A decade later, however, dissension is beginning to show. OPEC's power was eroded by divisions within the group. Some were motivated by regional power struggles, others by differences of opinion over cartel strategy and target prices. Some disputes between OPEC members even led to major regional conflicts, such as the Iran-Iraq war (1980-1988) and Iraq's invasion of Kuwait in 1990. 

Oil extraction - PHOTO/FILE

Who controls oil prices today?

Originally, the United States, as the world's largest oil producer, had the power to determine oil price changes. However, this hegemony was undermined by two world wars and numerous conflicts throughout the 20th century. Since its creation, OPEC quickly replaced Washington in its hegemonic role, a status it retains to this day. In 2018, the organisation controlled 72% of oil reserves. 

Faced with the eminent growth of US shale oil and other types of unconventional oil, OPEC decided to join forces with Russia and several other major exporters to coordinate production and stabilise prices. In July 2019, this new coalition, OPEC+, saw the light of day despite objections from the United States, which feared that the agreement would increase Moscow's influence in global oil markets. OPEC+ now includes Azerbaijan, Bahrain, Brunei, Brazil, Kazakhstan, Malaysia, Mexico, Oman, Russia, South Sudan and Sudan. 

At present, although OPEC maintains its hegemony, the discovery of US shale and the emergence of new oil powers on the world stage could change the state of the market. US production is estimated at 10 million barrels per day. It is the highest in the world. 

Saudi Aramco's Abqaiq oil facility, Saudi Arabia - REUTERS/MAXIM SHEMETOV

Despite having lost some of its power over prices, OPEC and its allies will have produced around 50% of the world's oil by 2022 and control more than 70% of the world's proven reserves. Therefore, they still have significant power to influence world oil prices, says Robert Rapier, editor-in-chief of Shale Magazine.  

In his article "What Determines Oil Price?", Paul Kosakowski states that "oil continues to play an important role in the global economy, despite continuing efforts to reduce its use and find alternative sources of green energy". The price of oil, like most commodities, depends mainly on market supply and demand. Other factors, such as the cost of oil extraction and production, the growing demand for gasoline for automobiles, air transport and electricity generation, also drive the global demand for oil.  
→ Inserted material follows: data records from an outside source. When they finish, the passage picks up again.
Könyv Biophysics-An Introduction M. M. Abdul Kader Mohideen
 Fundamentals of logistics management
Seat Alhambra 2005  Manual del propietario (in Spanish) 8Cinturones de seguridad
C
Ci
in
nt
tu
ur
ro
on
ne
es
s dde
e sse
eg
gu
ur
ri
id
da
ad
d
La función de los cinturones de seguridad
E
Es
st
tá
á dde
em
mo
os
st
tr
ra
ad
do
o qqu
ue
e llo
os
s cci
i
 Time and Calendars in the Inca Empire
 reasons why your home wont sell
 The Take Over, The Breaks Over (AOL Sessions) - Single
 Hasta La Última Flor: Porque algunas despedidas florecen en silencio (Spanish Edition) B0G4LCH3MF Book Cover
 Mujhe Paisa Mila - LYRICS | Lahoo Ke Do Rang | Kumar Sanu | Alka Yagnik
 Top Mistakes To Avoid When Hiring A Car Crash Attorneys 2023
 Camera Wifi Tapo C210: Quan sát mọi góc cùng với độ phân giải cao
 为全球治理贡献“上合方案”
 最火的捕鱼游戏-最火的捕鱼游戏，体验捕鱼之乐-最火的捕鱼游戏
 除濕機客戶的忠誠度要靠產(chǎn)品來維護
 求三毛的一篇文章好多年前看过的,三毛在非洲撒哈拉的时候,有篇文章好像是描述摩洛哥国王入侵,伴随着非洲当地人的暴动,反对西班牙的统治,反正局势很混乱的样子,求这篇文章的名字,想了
Paul Kosokowski goes on to explain that oil markets are made up of speculators who bet on price developments, and hegders who limit the risks associated with oil production or consumption. It therefore appears that supply, demand and sentiment towards oil futures, which are widely traded by speculators, play a dominant role in determining prices. Cyclical trends in the commodity market may also play a role. 

Nahr Bin Umar oil field, north of Basra, Iraq - REUTERS/ESSAM AL-SUDANI

The role of the geopolitical context in oil markets and prices 

In its latest report, published in January 2024, the International Energy Agency (EIA) states that rising geopolitical tensions in the Middle East are disrupting the oil market. According to Nadjia Bouaricha, editor of El Watan, investors are concerned about geopolitical risks and their repercussions, especially after Ukraine's attacks on Russia and the escalation of the war in the Middle East with Iran's involvement, following the Israeli attack on its consulate in Syria and Tehran's response.  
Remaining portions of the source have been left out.